Wednesday, September 15, 2010

Truth or Dare

I've been in love with her for years, but I've only kissed her once. After all, what group of early teenagers doesn't play Truth or Dare at least from time to time? Unfortunately for me though, I started out young when my friends and I began to do stupid things together. For instance, by the time we were 14, almost all of my friends had at least kissed each other, but somehow I was left out of it for even more years. While they were all getting together, I kept to myself. Not that I minded, and it wasn't like I didn't like girls. I did, I do. But I wasn't about to throw out my first kiss on a whim at 12 years old. I'm told frequently that I'm a pansy. But they don't understand. The way I see it, you can call me whatever you like, but I prefer to think of myself as a romantic. It's not about the quantity of girls, but the quality.
The problem with my lack of kissing though is that I always ended up doing more of the dangerous or plain out stupid things more often than not. I got shocked by the dog collar. It was me who had to skinny dip in the half frozen lake. Streaking down the street at dusk became a favorite for my friends to watch me do. I've become pretty accustomed to riding horses bareback at night, and I hate horses. I've drunk so many energy drinks I was practically wasted. In the end, I came out fine from all of these things, with very few and very rare side effects. But then during one of these nights when we were far too bored and playing Truth or Dare for way too long, my life was changed forever.

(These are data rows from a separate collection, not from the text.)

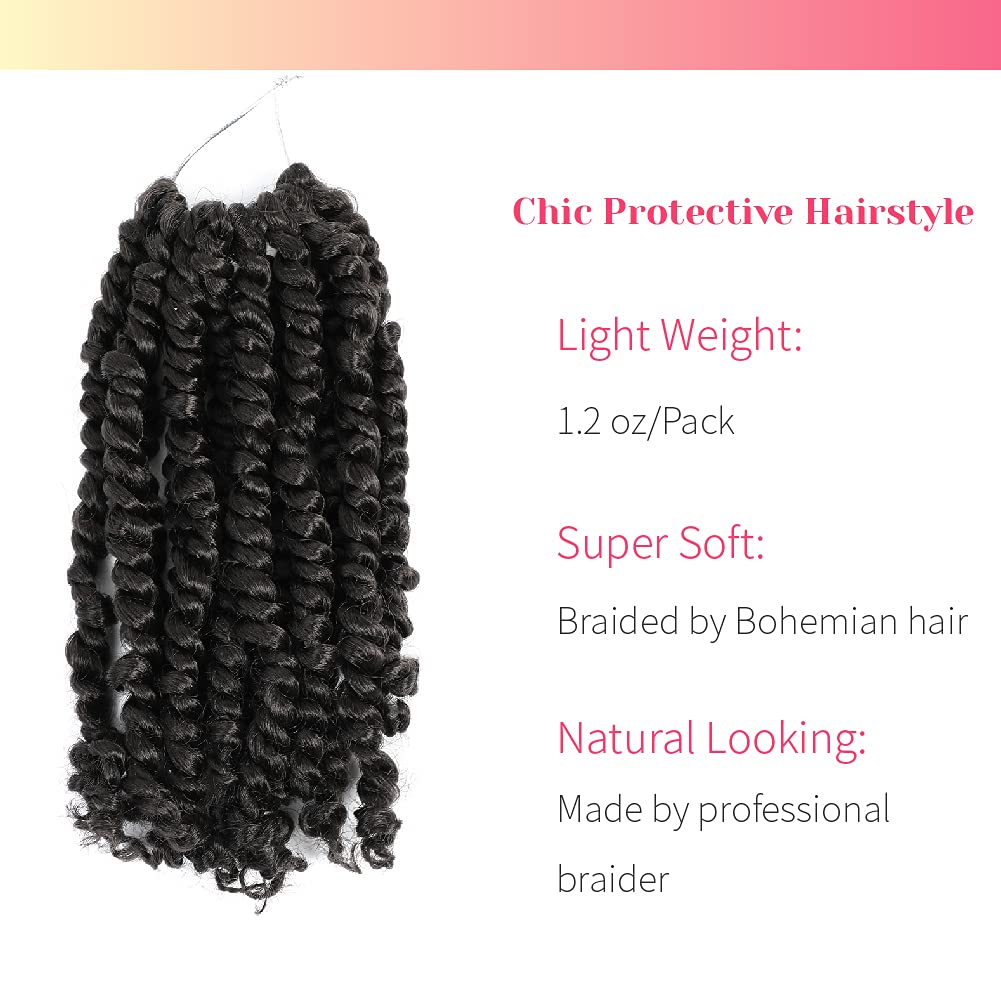 The BOHOBABE Pre-twisted Passion Twist Crochet Hair 8 Inch Short Pre-looped Crochet Passion Twist Braiding Hair 8 Packs (1#) 1#(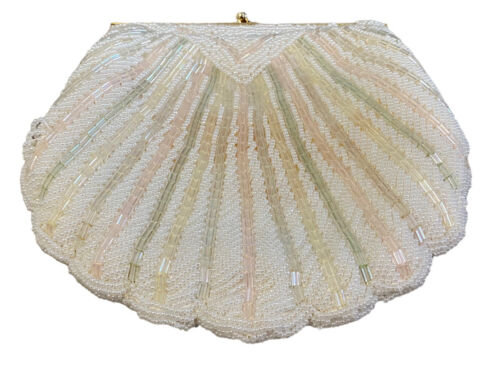 Antik Vintage 1950er Jahre Perlenmuschel schick Gold Kette Clutch Geldbörse - Bild 2 von 11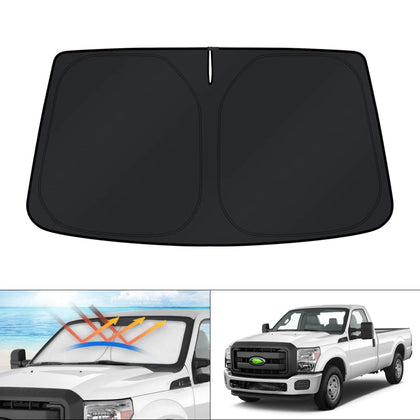 KUST front view of packaged windshield shade showing fit and branding, protects truck interior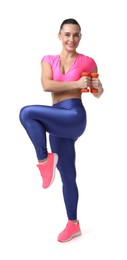 Photo of Woman exercising with dumbbells on white background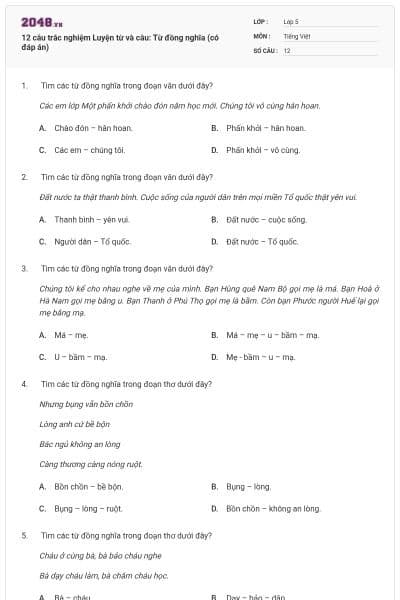 12 câu trắc nghiệm Luyện từ và câu: Từ đồng nghĩa (có đáp án)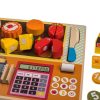 Fából Készült Játékkassza és Élelmiszer Szeletelő Puzzle, 30x22 cm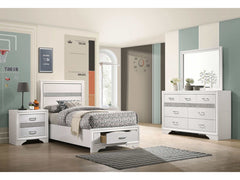 Miranda White Twin Bed 4 Pc Set - Ornate Home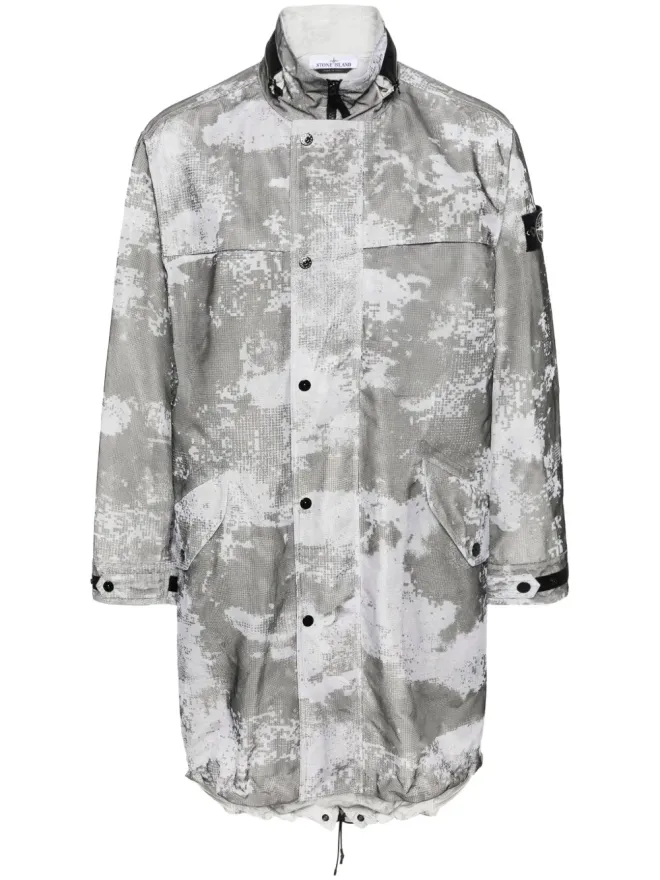 Stone Island Stone Island コンパスバッジ メッシュオーバーレイ パーカ グレーの商品画像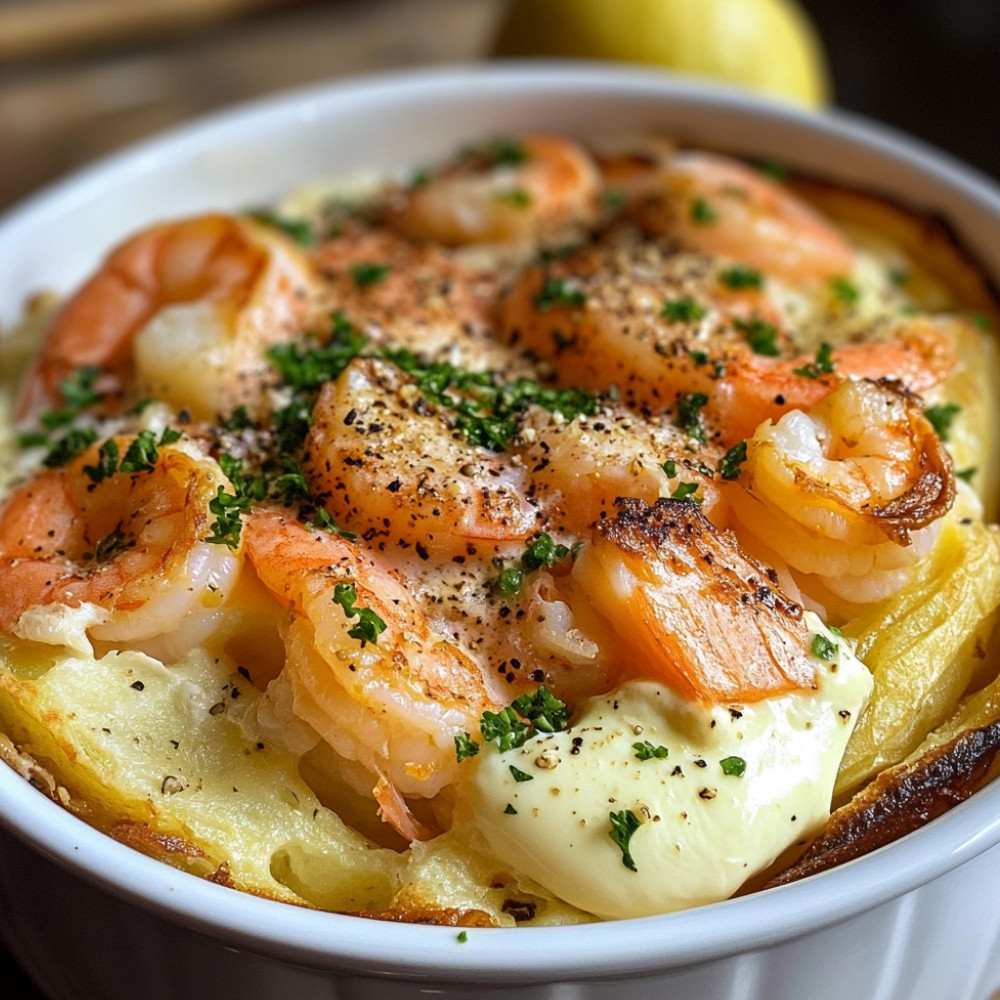 Pommes de terre soufflées à l'œuf, aux crevettes et au saumon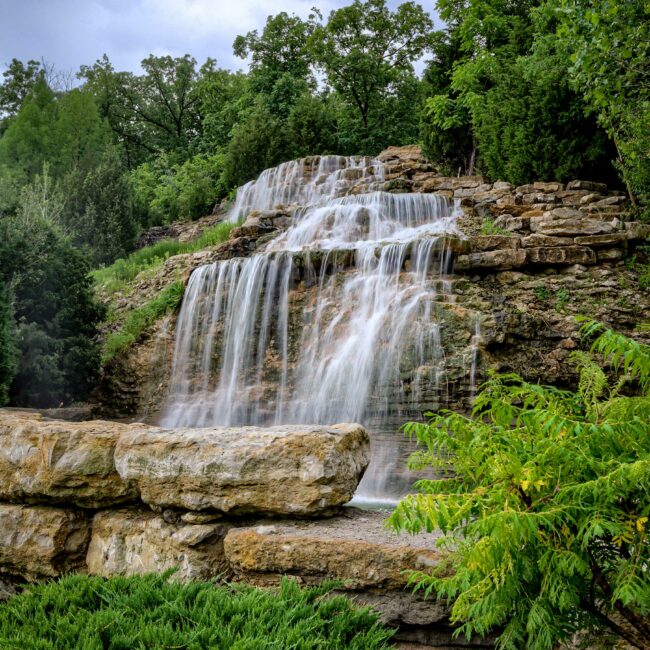 The waterfall monument at Forest View; photo courtesy of Rodrock Development.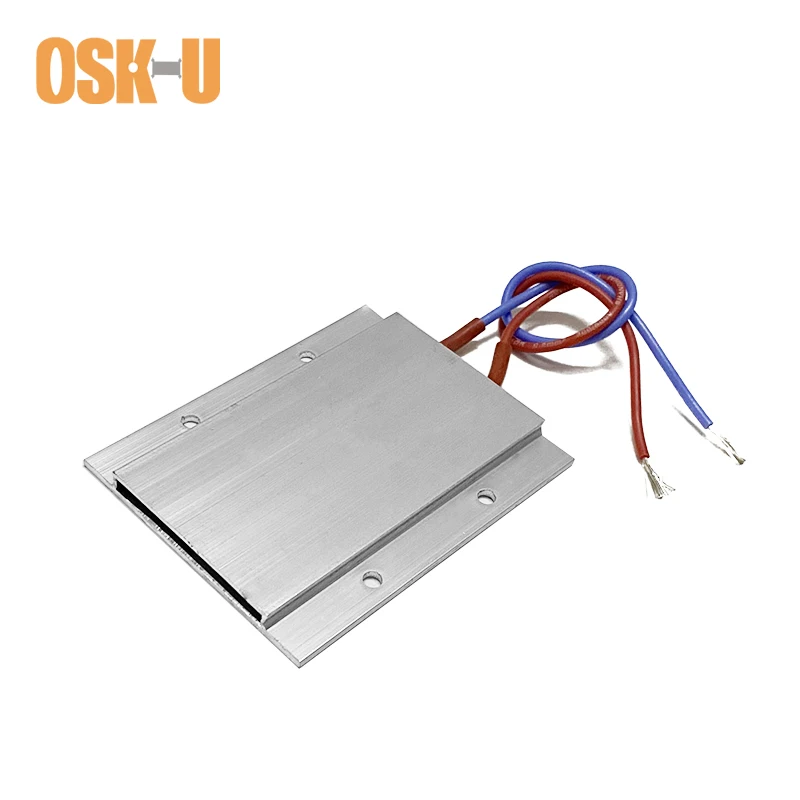 12V PTC Heater Element 77x62x6mm Aluminium Cover Electric Heating Plate Thermostat 70/110/200 Celsius Degree for Dehumidifier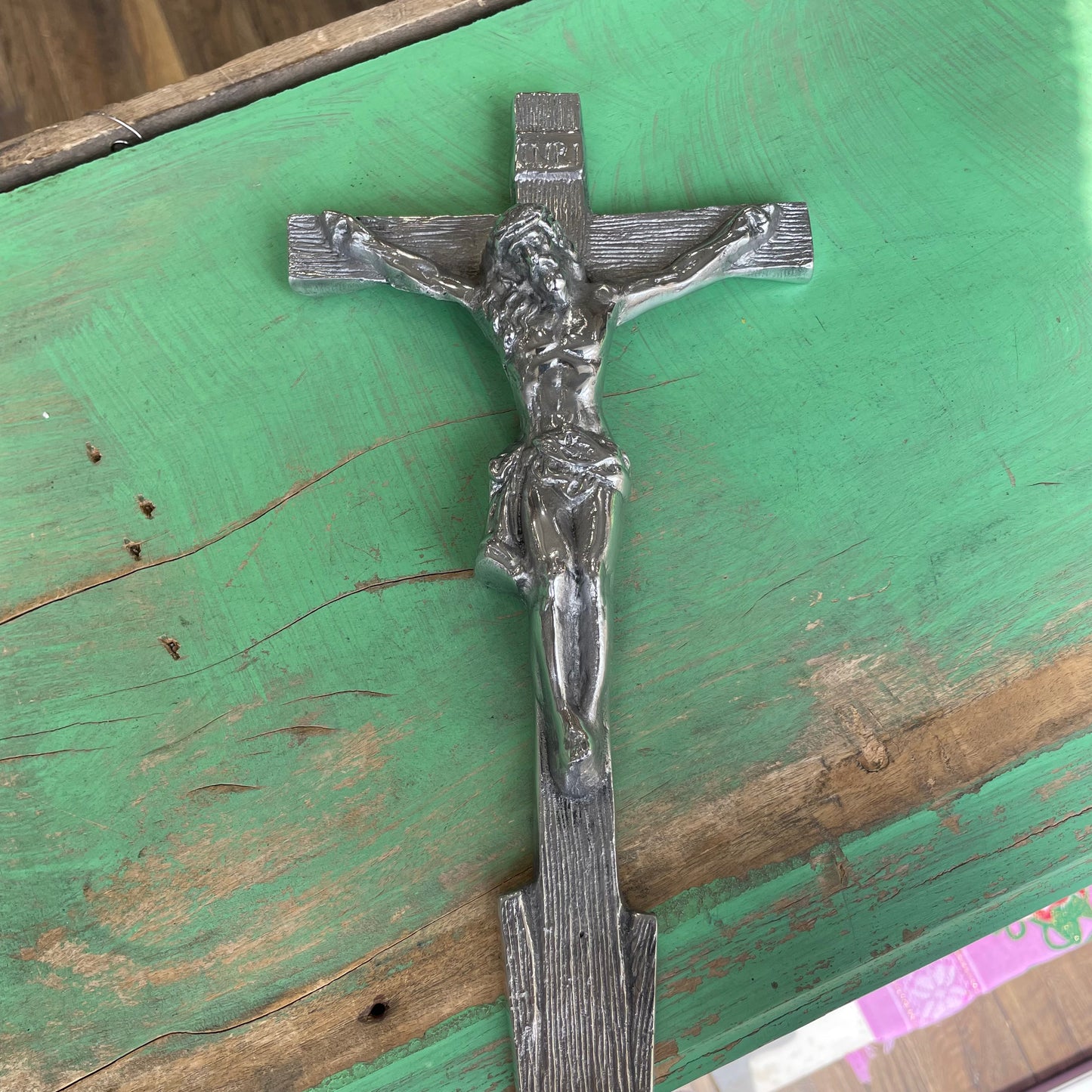 Hanging Pewter Crucifix
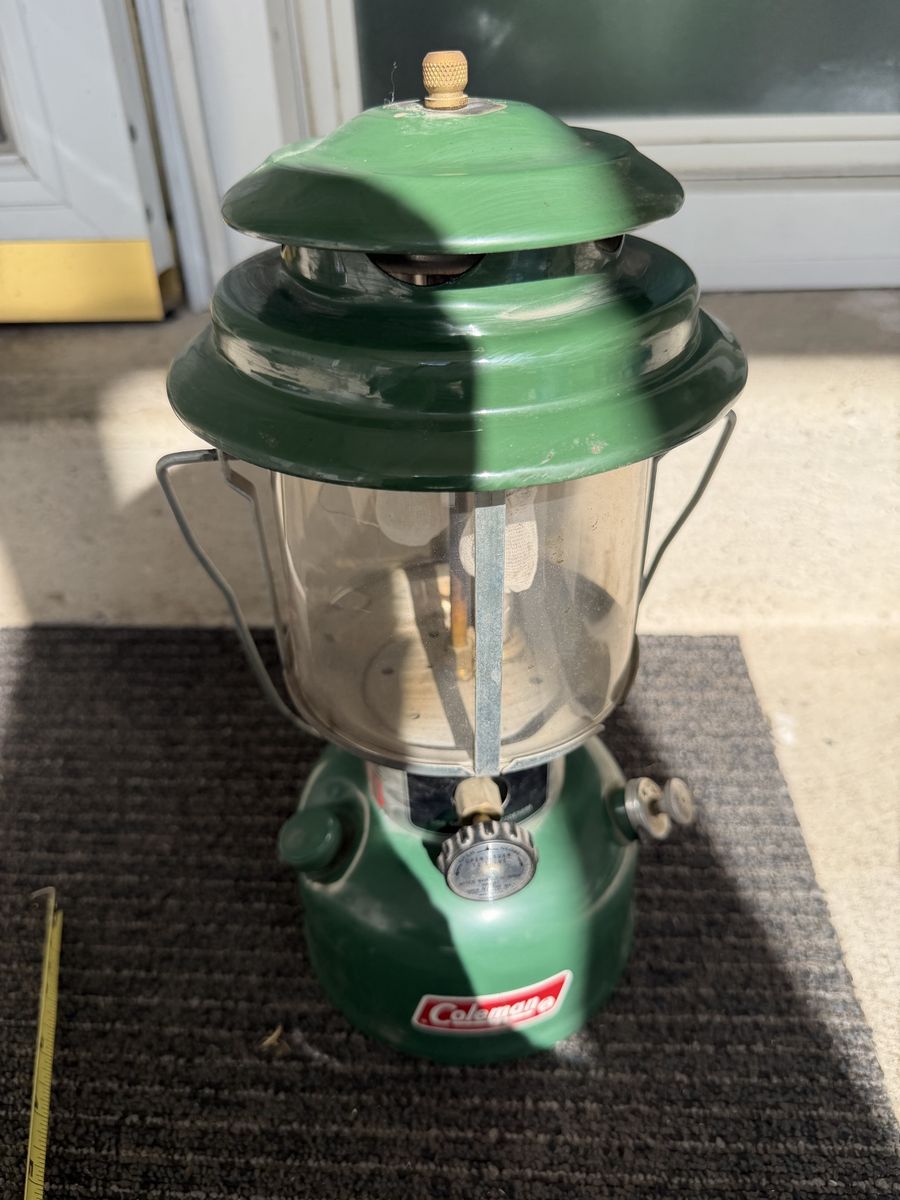 Vintage Coleman Model 220J Two-Mantle Green Camping Lantern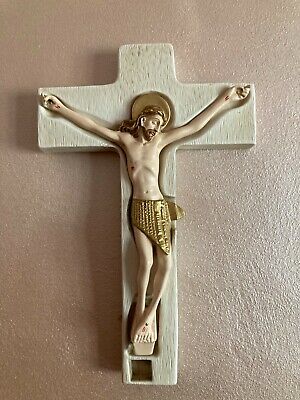 Crucifix Moderne Avec Jésus Stylisés 24 CM (9,45 '') en Marbre Résine - Croix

I don't remember much from that Friday night when I was 16; how much would you be able to remember after being dared to drink four huge energy drinks? But I've been told I did some pretty crazy stupid things that night, including mooning a police officer. I don't recall doing so, but I do remember paying for the consequences a few days later. To be perfectly honest, there's only one thing I do remember from that night.
Kissing Kristen.
I couldn't tell you how they convinced me to do it. I was so out of it by that time, I had no clue what was going on. I don't know how I went about it, or if I thought it was even any good. All I could remember were her distinct thoughts in my head. And me freaking out when I realized what was going on.
Later, everyone played it off as me being drunk and not knowing what was going on. But Kristen knew me better than that. We'd been best friends for so long, she knew something wasn't right.
But there was no way for me to tell her that. And there was no way I was going to let myself kiss her again, even if I was in love with her.